A mais extraordinária engrenagem na qual circula a cultura de um povo, sem dúvida, é a Língua. A relação, portanto, entre ambas (Língua/Cultura) é de profundaintimidade.Vejamos o caso de alguns preconceitos machistas patentes no português.

Se você encontra uma mulher grávida, provavelmente, caso seja necessário, fará a seguinte construção: "Aquela senhora espera um filho". Trata-se de encapotada discriminação contra a mulher. A malandragem aqui consiste no que conhecemos por "relação gênero e espécie". Ao masculino, aplica-se um sentido maior, mais amplo. Ao feminino, algo menor, específico. No fundo, é como se o feminino nada mais fosse do que uma "espécie de masculino". A expressão "o homem é um animal racional", conotando ao signo homem os dois gêneros, é ilustrativo clássico.

No terreno dos insultos e ofensas, as formas femininas predominam. Alguém, por acaso, usaria "você é um filho de puto"?Já ouvimos um sujeito dizer "seu filho do pai"?

Os provérbios estão abarrotados de machismos. Há inúmeros deles apequenando a mulher, diminuindo sua inteligência. Neste jornal, publiquei um artigo elencando uma série de aforismos assacados por cabeças consideradas brilhantes. Tertuliano, por exemplo, saiu com esse: "A mulher é um templo edificado sobre uma cloaca". O grande Antônio Vieira disparou: "A mulher só deve sair de casa em três ocasiões: para ser batizada, quando for casar e para o próprio sepultamento". Que dizer do dito maroto, capcioso: "Mulher ao volante, perigo constante"?

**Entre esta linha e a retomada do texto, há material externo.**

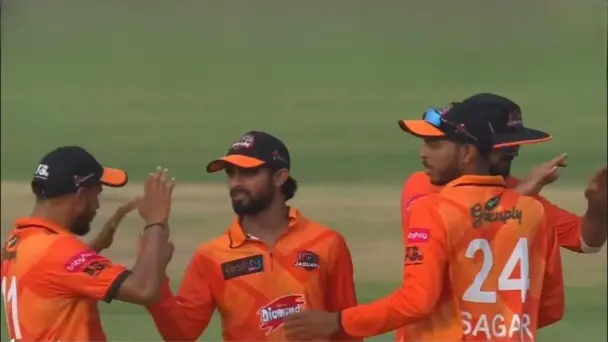 Rewa Jaguars beat Chambal Ghariyals by 39 runs | Match 8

Na utilização de nomes de animais como metáforas aplicadas às mulheres, sobressaem achincalhamentos e apelos sexuais. Por exemplo: "Essa sujeita é uma galinha", "X não passa de uma piranha". Ao homem, embora haja certas aplicações também depreciativas, o corrente é aplicar a metáfora visando sempre à superioridade do macho. Afinal, quem diz "ele é um leão" ou "um galo" ou "um cavalo" faz, sim, um tremendo elogio ao homem.

Se a mesma palavra se aplica ao feminino e ao masculino, para aquela (feminino) a conotação é negativa. Para este (masculino), ao contrário, é positiva. Basta nos lembrarmos das palavras cobra e fera (Esse cara é cobra).

Repare que a maioria das palavras, promanadas do reino animal, objetivando atribuir carga depreciativa aos homens é feminina. Exemplos: "Pedro é uma besta", "Por onde anda a égua do teu irmão"? – ainda que essa construção possa cair na ambigüidade.

A coisa, claro, não pára aqui. Estudarmos esses fenômenos é instigante e desafiador. Existem no Brasil pesquisadores de águas profundas se debruçando sobre tais questões. Na esteira de José Lemos Monteiro, incontestável é "se os padrões sociais se refletem na língua, o português não oferece o mesmo tratamento para as noções de masculino e feminino". De modo que afirmar ser isso natural, inelutável, é demonstrar falta de senso crítico e estreiteza no que diz respeito ao conhecimento dos segredos velados nos jogos lingüísticos de um povo.